While Sloane, like Colvin, delineates the declining importance of the cemetery as a civic institution, he only indirectly suggests its implications for the state of civic culture. These issues are dealt with in a forceful series of polemic essays, Variations on a Theme Park: The New American City and the End of Public Space, edited by architectural critic Michael Sorkin. The eight architects, journalists, and historians who contributed to Sorkin's collection share the view that the democratic public spaces characteristic of American cities—the bases of the social heterogeneity, physical proximity, free movement, and desire for collectivity that defined authentic urbanity—are being replaced by privatized enclaves. Driven by fear and greed, these urban village developments, malls, and historic commercial and residential districts both ensure the physical security of the propertied from crime and create new stages for conspicuous consumption.

The most persuasive essays in the collection, written by U.C.L.A. urban planner and political economist Mike Davis and Princeton architectural historian M. Christine Boyer, outline the dimensions of these changes. Davis's "Fortress Los Angeles: The Militarization of Urban Space" describes (p. 155) how the middle class's "obsession with security has supplanted hopes for urban reform and social integration." The consequence of the crusade to secure the city from crime and violence, Davis (p. 156) writes, "is the destruction of any truly democratic urban space. The American city is being systematically turned inward. The 'public' spaces of the new megastructures and supermalls have supplanted traditional streets and disciplined their spontaneity. Inside malls, office centers, and cultural complexes, public activities are sorted into strictly functional compartments under the gaze of private police forces... This polarization marks the decline of urban liberalism and with it the end of what might be called the Olmstedian vision of public space in America. Frederick Law Olmsted, the father of Central Park, conceived public landscapes and parks as social safety valves, mixing classes and ethnicities in common (bourgeois) recreations and pleasures; 'No one who has closely observed the conduct of the people who visit [Central] Park,' he wrote, 'can doubt that it exercises a distinctly harmonizing influence upon the most unfortunate and most lawless classes of the city—an influence favorable to courtesy, self-control, and temperance.'"
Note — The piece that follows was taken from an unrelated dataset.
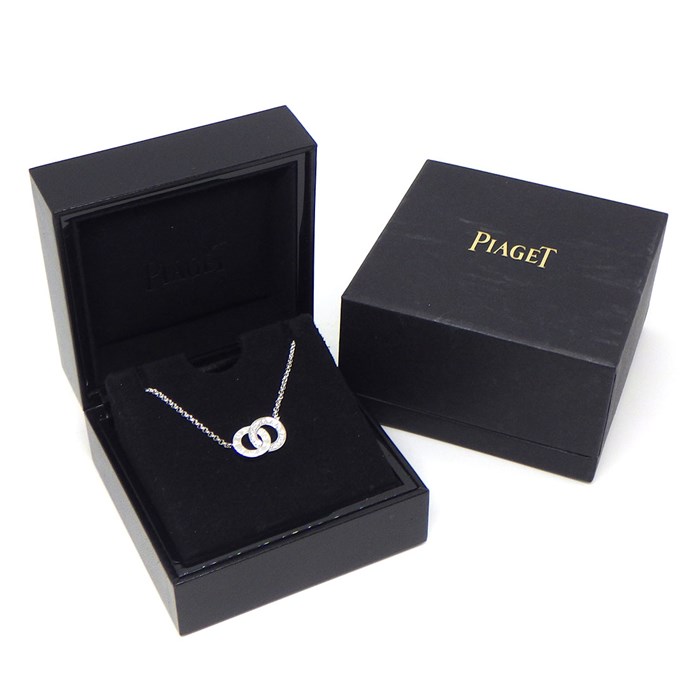 ピアジェ PIAGET ネックレス ポセション ロゴ ラウンド サークル パヴェ ダイヤモンド K18WG 【中古】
According to Davis (p. 156), "contemporary urban America is more like Victorian England than the New York of Walt Whitman or Fiorello LaGuardia." In Los Angeles, "once a paradise of free beaches, luxurious parks, and 'cruising strips,' genuinely democratic space is virtually extinct" (p. 156). The insulated residential and commercial enclaves of the privileged classes "rely upon the social imprisonment of a third-world service proletariat in increasingly repressive ghettos and barrios" (p. 156). As public amenities shrink with the closing of libraries and playgrounds, the neglect of parks, and the desolation and increasing dangerousness of streets, public resources are being diverted for developments that further privatize public space and subsidize new exclusive enclaves. Although such efforts have been described as an "urban renaissance," they are, in Davis's (p, 156) view, "only a triumphal gloss laid over the brutalization of inner-city neighborhoods and the stark divisions of class and race represented in [the] built environment."
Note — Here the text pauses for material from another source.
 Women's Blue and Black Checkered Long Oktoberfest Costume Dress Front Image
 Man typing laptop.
While Davis focuses on the public policies and investments that subvert public space and the institutions of civic culture, M. Christine Boyer examines the internal form and function of privatized enclaves in "Cities for Sale: Merchandizing History at South Street Seaport." Where the "high Modernist" aspiration, as of earlier development efforts in New York, proceeded from a "visionary masterplan" based on aspirations to provide "a broad range of housing, efficient public transportation, and leisure and work spaces for the masses," Boyer (p. 182) sees contemporary redevelopment as creating "isolated, self-enclosed patches of development," Although these enclaves are insulated from the city as it actually exists, they retain a connection "through historical allusions to the traditional vision of the city" (p. 184). This use of historical references, framed by a carefully manipulated visual and social environment, makes the real city and its "chaos, class distinctions, ... snares and vices" (p. 186) disappear from view.
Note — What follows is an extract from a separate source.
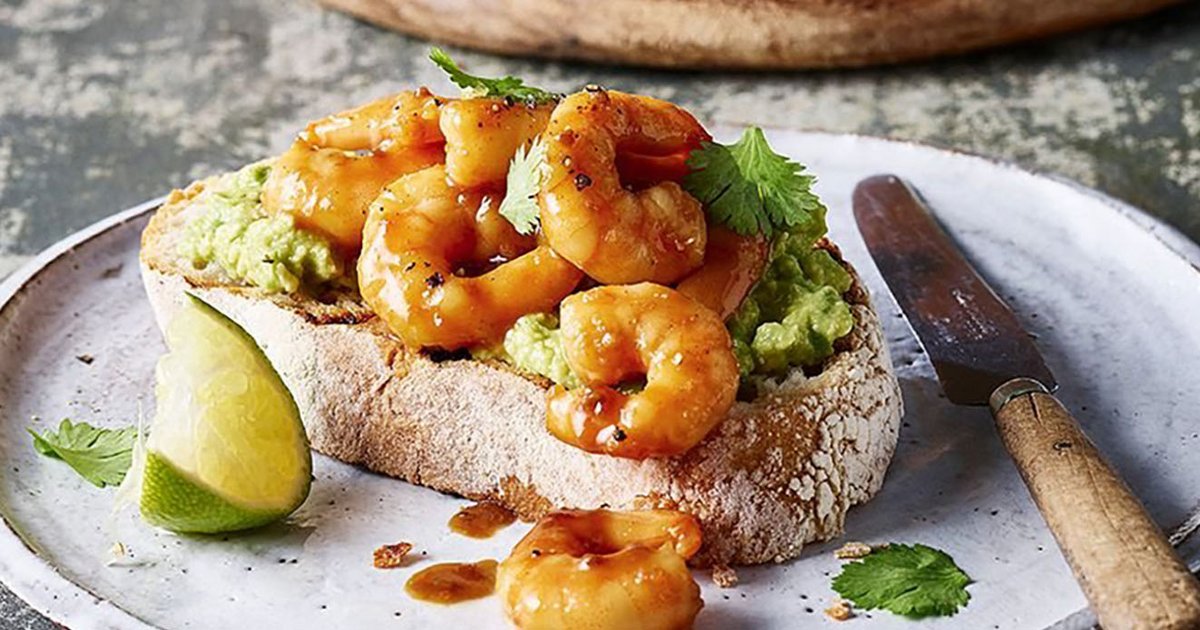 Teriyaki prawn and avocado toast | Kikkoman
According to Boyer, the way in which these enclaves use the past is highly conventionalized and manipulated: They are simulated traditions that serve to obscure the city's actual past and to engender illusions about its present. "On the surface of these tableaux," she writes (p. 191), "everything seems steeped in tradition. The way it was has supposedly become the way it is. Yet these nostalgic constructions only refer to history obliquely by appropriating styles of clothing, architectural environments and furnishings to create a mood through which the past is filtered and perceived. These stylized historical tableaux, on one level, are self-conscious attempts to regain a centered world, to re-establish a mythical base on which American moral, political, and social traditions might stand.... [They] link the past to the present through visual recreations that gloss over real social change by capitalizing on the yearnings for lost innocence, heroic feats, adventures, explorations, and conquests."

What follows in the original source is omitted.